▶ **Directions for this task**
Please transcribe exactly, and only, the lines of the data below between the line holding "Cropped fuzzy bow sweater Miss Sparkling" and the line holding "Terra & Sky", inclusive.

▶ **Records to use**
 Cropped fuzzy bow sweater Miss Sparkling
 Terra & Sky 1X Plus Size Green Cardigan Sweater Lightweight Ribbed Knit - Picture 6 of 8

...

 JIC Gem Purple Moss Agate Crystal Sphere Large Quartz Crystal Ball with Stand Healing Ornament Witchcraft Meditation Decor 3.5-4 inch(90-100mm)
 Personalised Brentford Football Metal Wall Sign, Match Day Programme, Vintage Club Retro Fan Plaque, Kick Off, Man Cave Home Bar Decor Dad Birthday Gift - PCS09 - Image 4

▶ **Exercise result**
 Cropped fuzzy bow sweater Miss Sparkling
 Terra & Sky 1X Plus Size Green Cardigan Sweater Lightweight Ribbed Knit - Picture 6 of 8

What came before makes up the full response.